> _PROBLEM TO WORK ON_:
Exact copies of all the entries are needed.

> _WORKING DATA_:

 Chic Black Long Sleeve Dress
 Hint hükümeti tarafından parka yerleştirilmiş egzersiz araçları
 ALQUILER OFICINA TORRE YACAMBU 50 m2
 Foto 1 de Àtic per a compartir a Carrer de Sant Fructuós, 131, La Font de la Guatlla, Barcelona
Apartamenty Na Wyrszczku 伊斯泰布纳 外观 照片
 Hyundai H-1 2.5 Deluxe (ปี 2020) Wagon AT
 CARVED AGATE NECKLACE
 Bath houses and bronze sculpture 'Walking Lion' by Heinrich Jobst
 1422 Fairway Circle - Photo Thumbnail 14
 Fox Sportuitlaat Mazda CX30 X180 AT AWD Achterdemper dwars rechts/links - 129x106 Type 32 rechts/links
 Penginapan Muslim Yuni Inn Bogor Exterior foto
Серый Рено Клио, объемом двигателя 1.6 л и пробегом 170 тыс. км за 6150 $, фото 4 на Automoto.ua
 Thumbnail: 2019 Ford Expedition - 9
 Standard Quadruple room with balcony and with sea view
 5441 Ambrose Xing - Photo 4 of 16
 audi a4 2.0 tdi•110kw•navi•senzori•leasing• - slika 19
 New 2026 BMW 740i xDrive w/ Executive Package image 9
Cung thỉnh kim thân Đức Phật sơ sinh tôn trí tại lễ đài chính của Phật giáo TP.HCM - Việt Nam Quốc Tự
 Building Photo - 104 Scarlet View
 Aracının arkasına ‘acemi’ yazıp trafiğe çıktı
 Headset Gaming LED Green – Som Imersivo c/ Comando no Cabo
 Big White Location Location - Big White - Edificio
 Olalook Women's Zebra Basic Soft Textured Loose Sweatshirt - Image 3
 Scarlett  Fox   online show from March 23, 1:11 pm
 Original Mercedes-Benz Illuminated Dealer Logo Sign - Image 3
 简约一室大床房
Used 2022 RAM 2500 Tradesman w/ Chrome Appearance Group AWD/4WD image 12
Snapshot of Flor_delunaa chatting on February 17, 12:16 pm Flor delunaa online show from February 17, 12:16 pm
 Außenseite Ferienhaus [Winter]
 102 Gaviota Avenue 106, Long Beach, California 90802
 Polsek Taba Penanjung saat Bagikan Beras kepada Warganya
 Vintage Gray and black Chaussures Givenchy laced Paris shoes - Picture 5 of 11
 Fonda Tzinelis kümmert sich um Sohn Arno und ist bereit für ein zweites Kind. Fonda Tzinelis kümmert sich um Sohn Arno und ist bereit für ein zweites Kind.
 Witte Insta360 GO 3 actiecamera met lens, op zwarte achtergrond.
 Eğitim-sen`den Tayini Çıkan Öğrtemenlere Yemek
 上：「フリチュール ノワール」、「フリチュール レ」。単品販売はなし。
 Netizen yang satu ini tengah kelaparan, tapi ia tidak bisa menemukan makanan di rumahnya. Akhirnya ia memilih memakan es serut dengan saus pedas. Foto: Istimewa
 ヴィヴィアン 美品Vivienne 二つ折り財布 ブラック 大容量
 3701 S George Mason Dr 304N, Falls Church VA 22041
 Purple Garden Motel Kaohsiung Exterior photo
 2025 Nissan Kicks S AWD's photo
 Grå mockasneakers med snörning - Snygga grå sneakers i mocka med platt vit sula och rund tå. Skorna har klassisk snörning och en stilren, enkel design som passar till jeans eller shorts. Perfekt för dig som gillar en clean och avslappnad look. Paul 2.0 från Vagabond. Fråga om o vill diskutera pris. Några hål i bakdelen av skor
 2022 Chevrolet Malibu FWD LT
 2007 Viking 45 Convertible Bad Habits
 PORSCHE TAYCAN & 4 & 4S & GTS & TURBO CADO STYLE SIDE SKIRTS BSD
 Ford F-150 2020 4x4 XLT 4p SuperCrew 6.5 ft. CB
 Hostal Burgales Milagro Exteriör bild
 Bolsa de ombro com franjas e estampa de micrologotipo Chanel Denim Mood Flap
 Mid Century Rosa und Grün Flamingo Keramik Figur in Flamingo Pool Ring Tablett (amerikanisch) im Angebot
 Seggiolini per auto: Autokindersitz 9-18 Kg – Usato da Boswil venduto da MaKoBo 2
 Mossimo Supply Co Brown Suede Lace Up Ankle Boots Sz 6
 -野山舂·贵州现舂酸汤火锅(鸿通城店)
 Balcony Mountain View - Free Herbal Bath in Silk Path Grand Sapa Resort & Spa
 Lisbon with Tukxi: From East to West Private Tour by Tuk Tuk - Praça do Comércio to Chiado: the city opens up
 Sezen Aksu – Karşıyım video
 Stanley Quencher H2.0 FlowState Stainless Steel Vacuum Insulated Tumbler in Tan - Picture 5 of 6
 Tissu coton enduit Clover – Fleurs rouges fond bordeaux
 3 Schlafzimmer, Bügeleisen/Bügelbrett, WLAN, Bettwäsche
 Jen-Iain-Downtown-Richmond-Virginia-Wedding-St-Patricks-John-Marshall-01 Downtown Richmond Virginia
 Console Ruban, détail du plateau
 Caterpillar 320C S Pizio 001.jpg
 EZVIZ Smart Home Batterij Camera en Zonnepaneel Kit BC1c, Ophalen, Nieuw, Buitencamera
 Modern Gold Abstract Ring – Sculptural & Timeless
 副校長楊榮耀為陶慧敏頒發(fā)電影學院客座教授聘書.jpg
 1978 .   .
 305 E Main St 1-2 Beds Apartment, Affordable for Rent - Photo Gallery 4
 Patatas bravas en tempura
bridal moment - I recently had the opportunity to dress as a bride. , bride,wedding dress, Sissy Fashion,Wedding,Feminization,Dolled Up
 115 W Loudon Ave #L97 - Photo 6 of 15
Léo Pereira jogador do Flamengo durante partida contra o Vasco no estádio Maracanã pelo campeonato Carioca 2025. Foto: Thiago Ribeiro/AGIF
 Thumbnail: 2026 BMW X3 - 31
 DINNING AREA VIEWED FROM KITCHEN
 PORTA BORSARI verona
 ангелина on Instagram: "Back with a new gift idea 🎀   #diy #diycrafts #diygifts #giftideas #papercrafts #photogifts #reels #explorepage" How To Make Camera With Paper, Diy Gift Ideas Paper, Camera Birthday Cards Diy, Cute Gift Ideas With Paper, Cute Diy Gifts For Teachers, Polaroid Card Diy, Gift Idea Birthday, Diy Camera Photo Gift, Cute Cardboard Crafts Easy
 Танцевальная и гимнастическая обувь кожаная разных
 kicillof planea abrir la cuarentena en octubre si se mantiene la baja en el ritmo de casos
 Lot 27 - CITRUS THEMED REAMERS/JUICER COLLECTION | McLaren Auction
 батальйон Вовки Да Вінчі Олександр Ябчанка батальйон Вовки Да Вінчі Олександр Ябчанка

> _SOLUTION TO THIS EXERCISE_:
 Chic Black Long Sleeve Dress
 Hint hükümeti tarafından parka yerleştirilmiş egzersiz araçları
 ALQUILER OFICINA TORRE YACAMBU 50 m2
 Foto 1 de Àtic per a compartir a Carrer de Sant Fructuós, 131, La Font de la Guatlla, Barcelona
Apartamenty Na Wyrszczku 伊斯泰布纳 外观 照片
 Hyundai H-1 2.5 Deluxe (ปี 2020) Wagon AT
 CARVED AGATE NECKLACE
 Bath houses and bronze sculpture 'Walking Lion' by Heinrich Jobst
 1422 Fairway Circle - Photo Thumbnail 14
 Fox Sportuitlaat Mazda CX30 X180 AT AWD Achterdemper dwars rechts/links - 129x106 Type 32 rechts/links
 Penginapan Muslim Yuni Inn Bogor Exterior foto
Серый Рено Клио, объемом двигателя 1.6 л и пробегом 170 тыс. км за 6150 $, фото 4 на Automoto.ua
 Thumbnail: 2019 Ford Expedition - 9
 Standard Quadruple room with balcony and with sea view
 5441 Ambrose Xing - Photo 4 of 16
 audi a4 2.0 tdi•110kw•navi•senzori•leasing• - slika 19
 New 2026 BMW 740i xDrive w/ Executive Package image 9
Cung thỉnh kim thân Đức Phật sơ sinh tôn trí tại lễ đài chính của Phật giáo TP.HCM - Việt Nam Quốc Tự
 Building Photo - 104 Scarlet View
 Aracının arkasına ‘acemi’ yazıp trafiğe çıktı
 Headset Gaming LED Green – Som Imersivo c/ Comando no Cabo
 Big White Location Location - Big White - Edificio
 Olalook Women's Zebra Basic Soft Textured Loose Sweatshirt - Image 3
 Scarlett  Fox   online show from March 23, 1:11 pm
 Original Mercedes-Benz Illuminated Dealer Logo Sign - Image 3
 简约一室大床房
Used 2022 RAM 2500 Tradesman w/ Chrome Appearance Group AWD/4WD image 12
Snapshot of Flor_delunaa chatting on February 17, 12:16 pm Flor delunaa online show from February 17, 12:16 pm
 Außenseite Ferienhaus [Winter]
 102 Gaviota Avenue 106, Long Beach, California 90802
 Polsek Taba Penanjung saat Bagikan Beras kepada Warganya
 Vintage Gray and black Chaussures Givenchy laced Paris shoes - Picture 5 of 11
 Fonda Tzinelis kümmert sich um Sohn Arno und ist bereit für ein zweites Kind. Fonda Tzinelis kümmert sich um Sohn Arno und ist bereit für ein zweites Kind.
 Witte Insta360 GO 3 actiecamera met lens, op zwarte achtergrond.
 Eğitim-sen`den Tayini Çıkan Öğrtemenlere Yemek
 上：「フリチュール ノワール」、「フリチュール レ」。単品販売はなし。
 Netizen yang satu ini tengah kelaparan, tapi ia tidak bisa menemukan makanan di rumahnya. Akhirnya ia memilih memakan es serut dengan saus pedas. Foto: Istimewa
 ヴィヴィアン 美品Vivienne 二つ折り財布 ブラック 大容量
 3701 S George Mason Dr 304N, Falls Church VA 22041
 Purple Garden Motel Kaohsiung Exterior photo
 2025 Nissan Kicks S AWD's photo
 Grå mockasneakers med snörning - Snygga grå sneakers i mocka med platt vit sula och rund tå. Skorna har klassisk snörning och en stilren, enkel design som passar till jeans eller shorts. Perfekt för dig som gillar en clean och avslappnad look. Paul 2.0 från Vagabond. Fråga om o vill diskutera pris. Några hål i bakdelen av skor
 2022 Chevrolet Malibu FWD LT
 2007 Viking 45 Convertible Bad Habits
 PORSCHE TAYCAN & 4 & 4S & GTS & TURBO CADO STYLE SIDE SKIRTS BSD
 Ford F-150 2020 4x4 XLT 4p SuperCrew 6.5 ft. CB
 Hostal Burgales Milagro Exteriör bild
 Bolsa de ombro com franjas e estampa de micrologotipo Chanel Denim Mood Flap
 Mid Century Rosa und Grün Flamingo Keramik Figur in Flamingo Pool Ring Tablett (amerikanisch) im Angebot
 Seggiolini per auto: Autokindersitz 9-18 Kg – Usato da Boswil venduto da MaKoBo 2
 Mossimo Supply Co Brown Suede Lace Up Ankle Boots Sz 6
 -野山舂·贵州现舂酸汤火锅(鸿通城店)
 Balcony Mountain View - Free Herbal Bath in Silk Path Grand Sapa Resort & Spa
 Lisbon with Tukxi: From East to West Private Tour by Tuk Tuk - Praça do Comércio to Chiado: the city opens up
 Sezen Aksu – Karşıyım video
 Stanley Quencher H2.0 FlowState Stainless Steel Vacuum Insulated Tumbler in Tan - Picture 5 of 6
 Tissu coton enduit Clover – Fleurs rouges fond bordeaux
 3 Schlafzimmer, Bügeleisen/Bügelbrett, WLAN, Bettwäsche
 Jen-Iain-Downtown-Richmond-Virginia-Wedding-St-Patricks-John-Marshall-01 Downtown Richmond Virginia
 Console Ruban, détail du plateau
 Caterpillar 320C S Pizio 001.jpg
 EZVIZ Smart Home Batterij Camera en Zonnepaneel Kit BC1c, Ophalen, Nieuw, Buitencamera
 Modern Gold Abstract Ring – Sculptural & Timeless
 副校長楊榮耀為陶慧敏頒發(fā)電影學院客座教授聘書.jpg
 1978 .   .
 305 E Main St 1-2 Beds Apartment, Affordable for Rent - Photo Gallery 4
 Patatas bravas en tempura
bridal moment - I recently had the opportunity to dress as a bride. , bride,wedding dress, Sissy Fashion,Wedding,Feminization,Dolled Up
 115 W Loudon Ave #L97 - Photo 6 of 15
Léo Pereira jogador do Flamengo durante partida contra o Vasco no estádio Maracanã pelo campeonato Carioca 2025. Foto: Thiago Ribeiro/AGIF
 Thumbnail: 2026 BMW X3 - 31
 DINNING AREA VIEWED FROM KITCHEN
 PORTA BORSARI verona
 ангелина on Instagram: "Back with a new gift idea 🎀   #diy #diycrafts #diygifts #giftideas #papercrafts #photogifts #reels #explorepage" How To Make Camera With Paper, Diy Gift Ideas Paper, Camera Birthday Cards Diy, Cute Gift Ideas With Paper, Cute Diy Gifts For Teachers, Polaroid Card Diy, Gift Idea Birthday, Diy Camera Photo Gift, Cute Cardboard Crafts Easy
 Танцевальная и гимнастическая обувь кожаная разных
 kicillof planea abrir la cuarentena en octubre si se mantiene la baja en el ritmo de casos
 Lot 27 - CITRUS THEMED REAMERS/JUICER COLLECTION | McLaren Auction
 батальйон Вовки Да Вінчі Олександр Ябчанка батальйон Вовки Да Вінчі Олександр Ябчанка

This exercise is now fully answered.